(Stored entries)
⁂

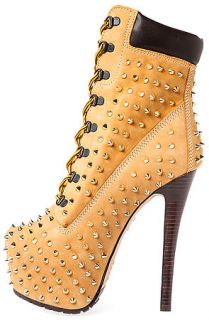 Zigi Shoes Boot Jo Bootie in Studded Tan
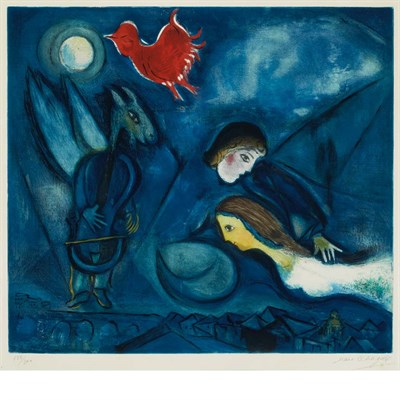 Lot 35 - After Marc Chagall by Georges Visat ALEKO...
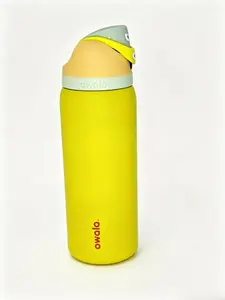 Owala 32oz Neon Yellow Insulated Water Bottle with One-Touch Flip Top, Leakproof, Spill-Resistant, Keeps Drinks Cold All Day, Great for School, Work & Outdoor Activities tiktokshopspringglowup filtered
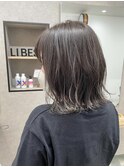 ペールベージュ/グラデーションカラー/外ハネボブ[稲毛/稲毛駅]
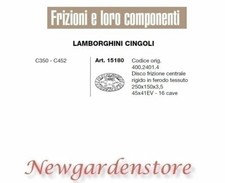 Disco centrale 16 cave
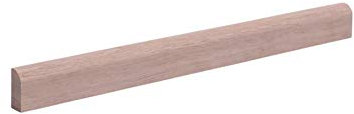 Leiste24 Battiscopa in vero legno di quercia, 35 x 15 mm, con bordo anteriore arrotondato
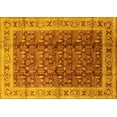 thumbnail image 1 of Ahgly Company Machine Washable Indoor Rectangle Oriental Yellow Traditional Area Rugs, 3' x 5', 1 of 4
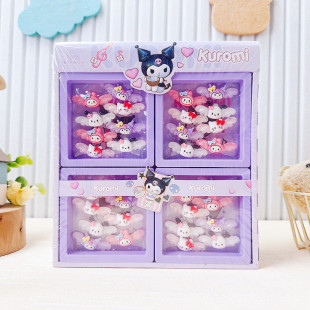 Cartoon Creative Sanrio Stickers Cute 3D Stereo Handbook Stickers Guka DIY Jewelry Accessories Resin Stickers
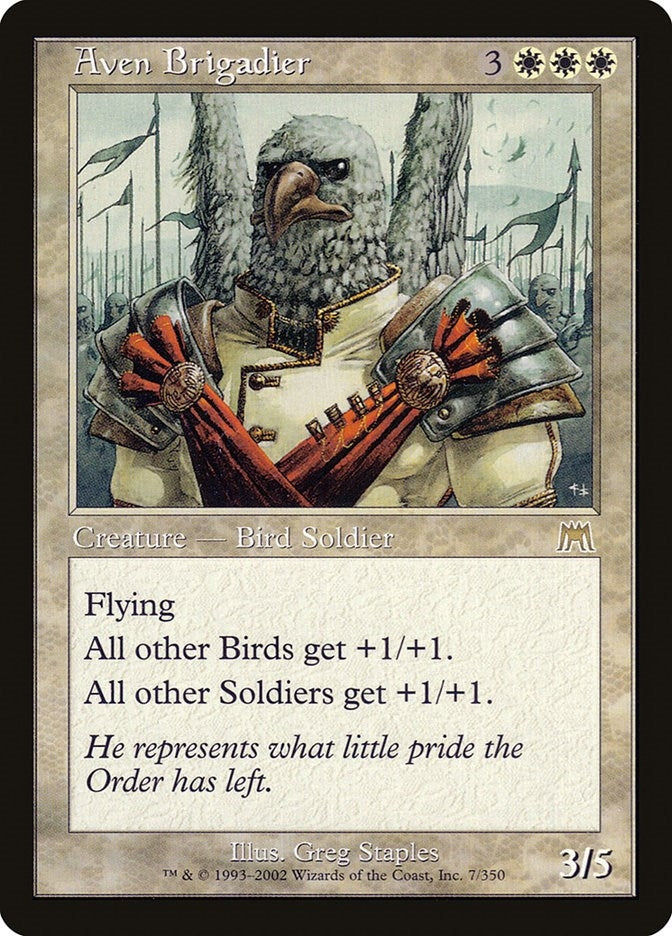 Image for Aven Brigadier (7) [Onslaught] - Magic: The Gathering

⁂

__Goal of the exercise__: Only the lines from the one holding "ペールベージュ/グラデーションカラー/外ハネボブ[稲毛/稲毛駅]" through the last line of the records should be output, please, exactly and without any pictures.

__Result of the exercise__:
 ペールベージュ/グラデーションカラー/外ハネボブ[稲毛/稲毛駅]
 Disco centrale 16 cave
 Leiste24 Battiscopa in vero legno di quercia, 35 x 15 mm, con bordo anteriore arrotondato
 thumbnail image 1 of Ahgly Company Machine Washable Indoor Rectangle Oriental Yellow Traditional Area Rugs, 3' x 5', 1 of 4
 Cartoon Creative Sanrio Stickers Cute 3D Stereo Handbook Stickers Guka DIY Jewelry Accessories Resin Stickers
 Image for Aven Brigadier (7) [Onslaught] - Magic: The Gathering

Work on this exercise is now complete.